In this movie I just did with Claudia [Christian] I have a little romantic thing, and it turns out the actor they hired hits me right about here [chest height]. We are a walking sight gag. I can pick him up, put him on my hip and carry him like my son. He was such a good sport. Do any of you watch The Practice? His brother [Jason Kravits as D.A. Richard Bay] is a recurring regular on The Practice, and he's also a little guy. It was kinda fun, but I like being with Jeffrey because he doesn't make me feel so huge. But with Garth, I felt like a behemoth. It was funny, so as long as it's funny I guess it's okay.

How did you get into acting?

Pat: I always have been like this. I used to take my Barbie dolls and take the aluminum tin foil from gum wrappers and make little Star Trek outfits for them. Then I had an old Barbie who didn't twist and turn and I'd make her the Klingon. I also played Dark Shadows with my cousin.

I was thinking about this. It was really ironic to me that I spent my childhood re-enacting Star Trek and horror and stuff, and look what I'm doing now.

What film are you doing with Claudia?

Pat: The film that I just finished wrapping with Claudia is called Never Die Twice, and we shot it in San Francisco. We play a couple of detectives who are on the trail of a serial killer. When we go to the scene of the first crime, it turns out that the dead bodies lying there are ours. It's us, and we have to figure out what happened. "Who knows, it could happen again,and what does this mean?" It's kind of X-Files; weird.

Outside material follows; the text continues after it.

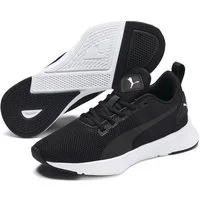 PUMA Flyer Runner Sneakers Jugendliche Trainingsschuh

Jeff: And wait till you see the costume Pat got to wear.

Pat: The trickiest part of the whole movie was shopping for this costume, because I'm not a little person. I'm a big girl. The outfits that Claudia and I ended up in—we are mind-tricked into going into a porn store.

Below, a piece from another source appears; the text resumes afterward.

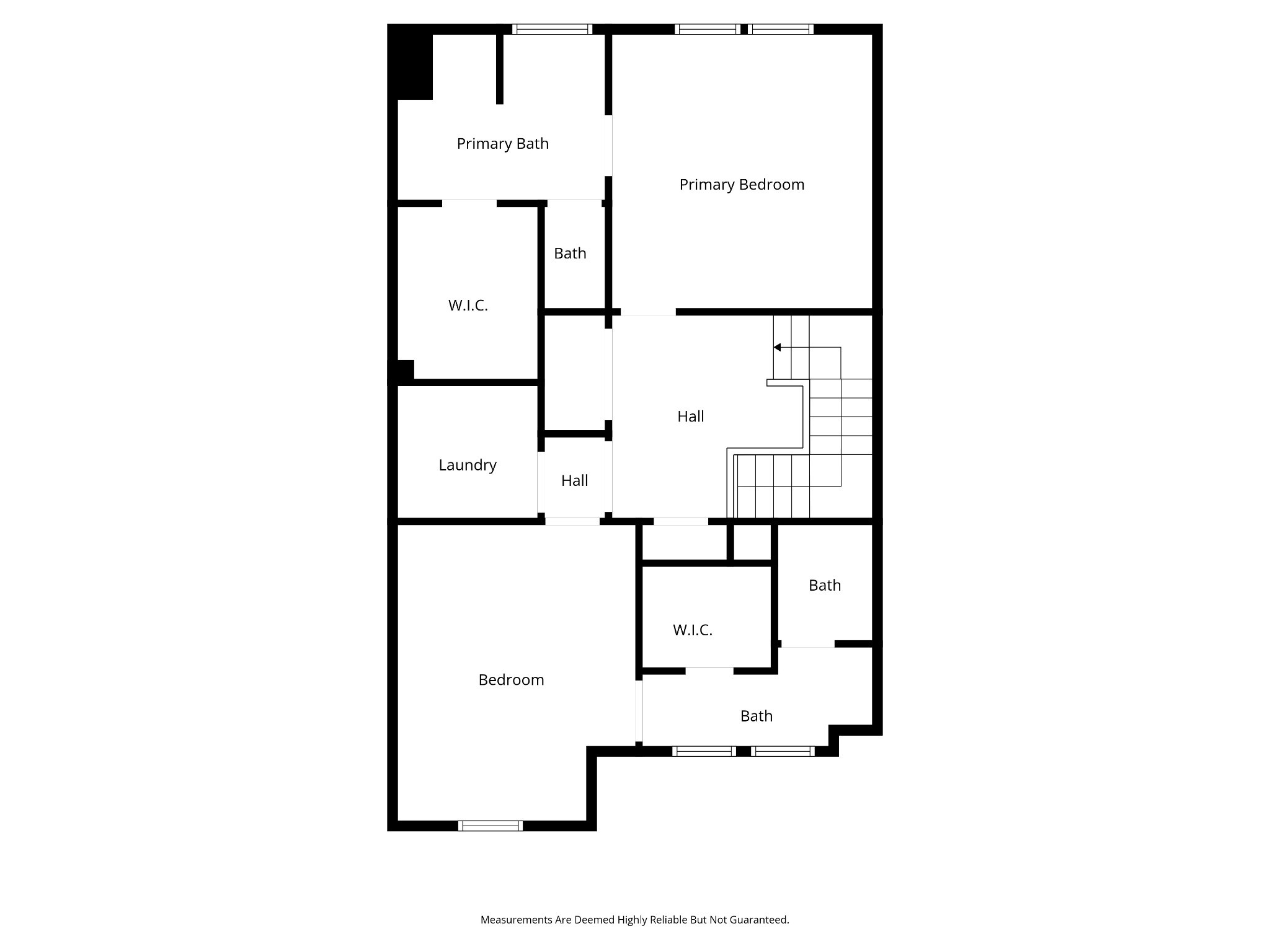3226 Brookberry Ln Property Photo 39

Jeff: Oh, that was a real stretch.

Pat: We end up in these leather outfits. They found Claudia's pretty quickly, and finding mine was really hard. Finally we ended up having the vest that I wore made. I donít know if any of you ladies have been shopping lately. What is it with the sizes? You pick up a T-shirt and it's like, "Can I have the grownups', please? What is this? I can get one boob in here."

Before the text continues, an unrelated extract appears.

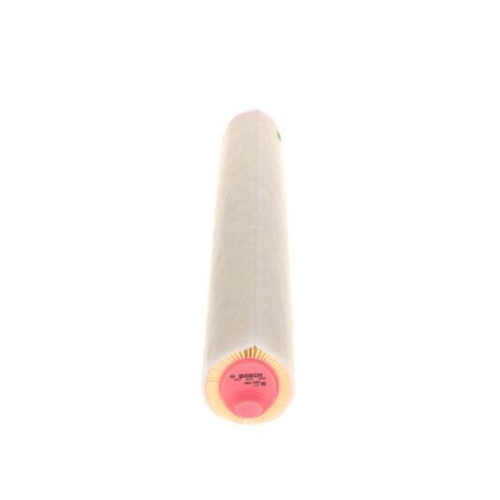 Luftfilter BOSCH 1 457 433 589 f&uuml;r BMW ROVER LAND ROVER
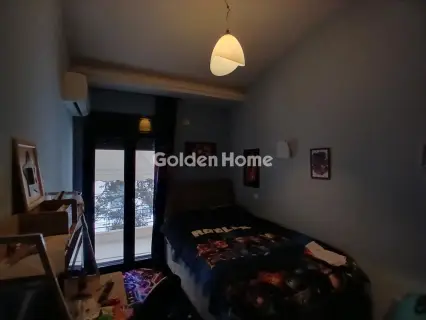 Μεζονέτα Εφαπτόμενη 195τ.μ. προς πώληση φωτογραφία 25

It was the same in the sex shop. I thought it'd be a little different in San Francisco because the men wear these things too. At least I'd be able to find something I could fit into, but no. So they took me to where the men shop, and it was called The Leather Zone. It's a mixed house here and I don't want to get too graphic, but when I was in there I saw some amazing things. I learned so much. "What is that? No." And I'm not sheltered, ladies and gentlemen. I've been around a bit, being in the theatre as long as I have. There was stuff I had no idea—I was there for two hours for this fitting while the ladies were fitting me. "How much cleavage do you want showing?" "I don't want any showing." The directors were going, "Oh no, this is what we want." Everything's all that belly stuff too. "Oh good. Thank you so much. Now I have a belly since I had a kid, and I don't want to be showing it." All these little T-shirts are these belly shirts, so I said, "No. I want this to come down. I want it to cover my navel and go over the top of my pants. I do not want to show skin." "Why don't you want to show skin? You look pretty good, considering some of the dykes I've been fitting lately." "Oh, thank you, and just make it longer, okay?"

It took me about 20 minutes just to get into the top every day. You'll see why. And we're in it for this whole shoot. At one point we end up in a haystack, and I had hay in the most interesting places because of this costume. Maybe you'll see it one day.

Jeff: Leather and hay is kind of bringing the animal out of me.

Go ahead; get us off of this subject. Ask another question.

Which of the B5 cast do you socialize with, and who did you invite to the wedding?

Pat: I think we invited them all.

Jeff: Yes, everybody was invited.

Pat: We see most of them fairly regularly, especially Mira [Furlan] and Claudia, and Rick [Biggs]. Peter [Jurasik] we used to see and he just moved out of state, so we're not going to see him as much. We were just at Bruce [Boxleitner]'s birthday party.

Jeff: I think the truth is, we don't have any friends. It's all our work buddies. We stay real close with them.

Pat: Robin we see all the time, and then we do conventions. I actually see Robin more than my best friend [Robin comes on stage at this point], because we do these conventions all the time and then it's hard for me to schedule time for my best friend.

Robin Atkin Downes: I just wanted to say one quick thing, because I didn't get a chance to thank all of you for having me here this trip. I've got to go do some interviews now. Thank you so much for having me up to Toronto. Please come visit my website. Just type in You can get to the Galactic Gateway [site] through my website, or you can go straight to the Galactic Gateway. But I mainly just came out to say thank you. Thanks, and I'll see you around.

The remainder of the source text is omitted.